Your instructions >> When you reach the line with "More Photos Of" in the listing below, transcribe it and each line after it up to and including the line with "Class 37 - Loram", exactly and with nothing else.
--------------------------------------------------
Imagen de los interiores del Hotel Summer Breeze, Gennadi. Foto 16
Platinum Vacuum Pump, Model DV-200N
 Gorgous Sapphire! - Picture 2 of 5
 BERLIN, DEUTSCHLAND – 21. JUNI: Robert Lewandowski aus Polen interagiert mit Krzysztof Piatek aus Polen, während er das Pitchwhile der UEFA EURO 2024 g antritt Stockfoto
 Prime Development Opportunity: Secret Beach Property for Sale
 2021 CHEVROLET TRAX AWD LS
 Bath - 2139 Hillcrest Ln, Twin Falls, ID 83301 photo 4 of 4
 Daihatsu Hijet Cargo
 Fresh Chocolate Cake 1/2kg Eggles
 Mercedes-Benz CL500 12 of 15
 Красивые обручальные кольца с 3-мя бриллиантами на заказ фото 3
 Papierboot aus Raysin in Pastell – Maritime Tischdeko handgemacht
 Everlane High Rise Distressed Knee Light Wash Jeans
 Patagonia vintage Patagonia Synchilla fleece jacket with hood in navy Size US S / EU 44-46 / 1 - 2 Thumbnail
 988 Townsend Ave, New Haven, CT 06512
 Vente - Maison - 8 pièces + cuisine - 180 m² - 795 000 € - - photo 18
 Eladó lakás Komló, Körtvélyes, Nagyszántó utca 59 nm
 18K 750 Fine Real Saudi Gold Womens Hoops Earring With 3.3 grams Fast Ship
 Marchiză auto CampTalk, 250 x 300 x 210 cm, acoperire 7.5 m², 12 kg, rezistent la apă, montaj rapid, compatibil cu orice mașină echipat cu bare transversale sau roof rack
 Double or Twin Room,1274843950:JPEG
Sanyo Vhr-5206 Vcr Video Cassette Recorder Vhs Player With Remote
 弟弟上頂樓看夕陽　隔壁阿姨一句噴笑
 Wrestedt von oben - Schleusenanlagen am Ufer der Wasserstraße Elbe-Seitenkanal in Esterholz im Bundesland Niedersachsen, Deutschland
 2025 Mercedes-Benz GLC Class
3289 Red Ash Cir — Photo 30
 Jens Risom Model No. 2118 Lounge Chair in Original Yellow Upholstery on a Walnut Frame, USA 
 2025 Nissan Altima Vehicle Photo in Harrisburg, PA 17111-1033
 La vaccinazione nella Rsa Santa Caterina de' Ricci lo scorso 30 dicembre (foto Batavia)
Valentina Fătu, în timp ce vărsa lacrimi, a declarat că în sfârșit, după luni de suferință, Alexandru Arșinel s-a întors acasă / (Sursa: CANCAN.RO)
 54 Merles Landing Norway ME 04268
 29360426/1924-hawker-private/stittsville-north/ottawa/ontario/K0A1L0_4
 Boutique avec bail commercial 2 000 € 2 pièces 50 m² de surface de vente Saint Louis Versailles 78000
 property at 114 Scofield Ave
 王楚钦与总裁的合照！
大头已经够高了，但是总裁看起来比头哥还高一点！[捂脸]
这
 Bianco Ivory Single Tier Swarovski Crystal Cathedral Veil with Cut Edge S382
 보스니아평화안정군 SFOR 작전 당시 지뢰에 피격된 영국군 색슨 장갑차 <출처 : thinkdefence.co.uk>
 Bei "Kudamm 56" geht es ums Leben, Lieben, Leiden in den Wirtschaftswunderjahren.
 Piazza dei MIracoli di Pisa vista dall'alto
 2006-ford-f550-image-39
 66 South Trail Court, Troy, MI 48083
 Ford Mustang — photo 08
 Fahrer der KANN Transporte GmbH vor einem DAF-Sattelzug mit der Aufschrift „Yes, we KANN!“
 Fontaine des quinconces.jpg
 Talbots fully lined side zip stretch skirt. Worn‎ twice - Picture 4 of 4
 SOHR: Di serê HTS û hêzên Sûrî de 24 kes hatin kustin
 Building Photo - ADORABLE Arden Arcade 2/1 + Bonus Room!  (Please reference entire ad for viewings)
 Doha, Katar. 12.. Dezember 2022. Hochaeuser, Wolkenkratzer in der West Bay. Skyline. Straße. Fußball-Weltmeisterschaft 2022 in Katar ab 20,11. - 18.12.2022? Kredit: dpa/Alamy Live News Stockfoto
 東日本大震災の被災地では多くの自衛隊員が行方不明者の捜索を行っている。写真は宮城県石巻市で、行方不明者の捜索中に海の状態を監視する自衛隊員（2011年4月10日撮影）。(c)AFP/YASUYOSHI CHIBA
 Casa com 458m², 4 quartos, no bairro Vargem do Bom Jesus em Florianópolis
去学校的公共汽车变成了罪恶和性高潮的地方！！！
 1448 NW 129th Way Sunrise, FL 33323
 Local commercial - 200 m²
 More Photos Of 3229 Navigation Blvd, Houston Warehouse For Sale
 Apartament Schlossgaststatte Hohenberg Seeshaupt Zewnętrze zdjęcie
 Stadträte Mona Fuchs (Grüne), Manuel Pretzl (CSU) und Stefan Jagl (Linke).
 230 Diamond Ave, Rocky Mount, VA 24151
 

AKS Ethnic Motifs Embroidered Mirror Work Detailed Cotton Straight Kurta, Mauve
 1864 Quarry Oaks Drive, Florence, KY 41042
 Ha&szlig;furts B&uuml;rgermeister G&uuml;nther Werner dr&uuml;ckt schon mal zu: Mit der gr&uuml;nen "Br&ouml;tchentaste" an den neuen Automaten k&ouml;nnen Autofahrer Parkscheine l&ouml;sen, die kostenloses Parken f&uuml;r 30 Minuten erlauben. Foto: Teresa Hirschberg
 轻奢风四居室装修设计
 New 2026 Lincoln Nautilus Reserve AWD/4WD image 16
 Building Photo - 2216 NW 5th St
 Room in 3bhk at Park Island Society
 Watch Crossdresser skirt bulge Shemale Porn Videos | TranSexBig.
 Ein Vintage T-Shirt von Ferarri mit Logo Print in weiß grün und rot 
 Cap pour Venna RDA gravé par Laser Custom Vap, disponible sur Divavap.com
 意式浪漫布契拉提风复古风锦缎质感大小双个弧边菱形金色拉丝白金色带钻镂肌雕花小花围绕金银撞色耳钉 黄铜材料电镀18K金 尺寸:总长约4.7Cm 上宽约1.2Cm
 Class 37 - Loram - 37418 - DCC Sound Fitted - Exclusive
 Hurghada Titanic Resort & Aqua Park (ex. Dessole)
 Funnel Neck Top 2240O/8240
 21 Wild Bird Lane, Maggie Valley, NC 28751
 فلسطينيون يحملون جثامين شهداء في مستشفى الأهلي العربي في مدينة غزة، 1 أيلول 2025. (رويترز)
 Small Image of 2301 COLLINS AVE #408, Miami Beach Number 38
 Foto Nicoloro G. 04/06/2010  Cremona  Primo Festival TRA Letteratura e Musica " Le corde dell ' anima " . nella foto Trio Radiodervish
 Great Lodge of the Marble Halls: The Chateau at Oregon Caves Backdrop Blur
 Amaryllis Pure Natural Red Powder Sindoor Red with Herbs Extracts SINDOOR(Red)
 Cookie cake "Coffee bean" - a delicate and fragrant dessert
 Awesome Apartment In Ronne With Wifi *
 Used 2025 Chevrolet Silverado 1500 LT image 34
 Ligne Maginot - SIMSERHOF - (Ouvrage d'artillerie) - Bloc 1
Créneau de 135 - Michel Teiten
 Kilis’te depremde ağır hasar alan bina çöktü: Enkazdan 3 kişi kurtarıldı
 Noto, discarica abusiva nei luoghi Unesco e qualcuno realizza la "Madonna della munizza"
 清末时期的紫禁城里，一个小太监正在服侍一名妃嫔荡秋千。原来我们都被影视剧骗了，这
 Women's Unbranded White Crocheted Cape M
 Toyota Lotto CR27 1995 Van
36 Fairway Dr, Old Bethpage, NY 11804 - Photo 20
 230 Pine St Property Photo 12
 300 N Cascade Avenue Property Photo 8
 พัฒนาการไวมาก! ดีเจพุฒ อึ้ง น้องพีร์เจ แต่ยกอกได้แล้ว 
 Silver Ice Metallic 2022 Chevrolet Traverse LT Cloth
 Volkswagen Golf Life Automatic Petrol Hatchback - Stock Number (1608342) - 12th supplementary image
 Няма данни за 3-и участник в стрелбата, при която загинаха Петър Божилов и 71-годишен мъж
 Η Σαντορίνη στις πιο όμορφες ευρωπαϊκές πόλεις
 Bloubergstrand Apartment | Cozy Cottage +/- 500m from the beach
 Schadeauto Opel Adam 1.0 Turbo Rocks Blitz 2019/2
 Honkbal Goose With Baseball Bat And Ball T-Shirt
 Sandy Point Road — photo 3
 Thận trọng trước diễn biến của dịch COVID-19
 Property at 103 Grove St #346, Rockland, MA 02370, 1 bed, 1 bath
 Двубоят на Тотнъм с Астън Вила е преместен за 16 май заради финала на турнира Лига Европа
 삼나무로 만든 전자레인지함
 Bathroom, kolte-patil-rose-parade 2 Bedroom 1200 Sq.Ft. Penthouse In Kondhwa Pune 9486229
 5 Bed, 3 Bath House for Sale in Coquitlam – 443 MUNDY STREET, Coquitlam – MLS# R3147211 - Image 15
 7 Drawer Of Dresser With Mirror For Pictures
--------------------------------------------------
Exercise solution >>
 More Photos Of 3229 Navigation Blvd, Houston Warehouse For Sale
 Apartament Schlossgaststatte Hohenberg Seeshaupt Zewnętrze zdjęcie
 Stadträte Mona Fuchs (Grüne), Manuel Pretzl (CSU) und Stefan Jagl (Linke).
 230 Diamond Ave, Rocky Mount, VA 24151
 

AKS Ethnic Motifs Embroidered Mirror Work Detailed Cotton Straight Kurta, Mauve
 1864 Quarry Oaks Drive, Florence, KY 41042
 Ha&szlig;furts B&uuml;rgermeister G&uuml;nther Werner dr&uuml;ckt schon mal zu: Mit der gr&uuml;nen "Br&ouml;tchentaste" an den neuen Automaten k&ouml;nnen Autofahrer Parkscheine l&ouml;sen, die kostenloses Parken f&uuml;r 30 Minuten erlauben. Foto: Teresa Hirschberg
 轻奢风四居室装修设计
 New 2026 Lincoln Nautilus Reserve AWD/4WD image 16
 Building Photo - 2216 NW 5th St
 Room in 3bhk at Park Island Society
 Watch Crossdresser skirt bulge Shemale Porn Videos | TranSexBig.
 Ein Vintage T-Shirt von Ferarri mit Logo Print in weiß grün und rot 
 Cap pour Venna RDA gravé par Laser Custom Vap, disponible sur Divavap.com
 意式浪漫布契拉提风复古风锦缎质感大小双个弧边菱形金色拉丝白金色带钻镂肌雕花小花围绕金银撞色耳钉 黄铜材料电镀18K金 尺寸:总长约4.7Cm 上宽约1.2Cm
 Class 37 - Loram - 37418 - DCC Sound Fitted - Exclusive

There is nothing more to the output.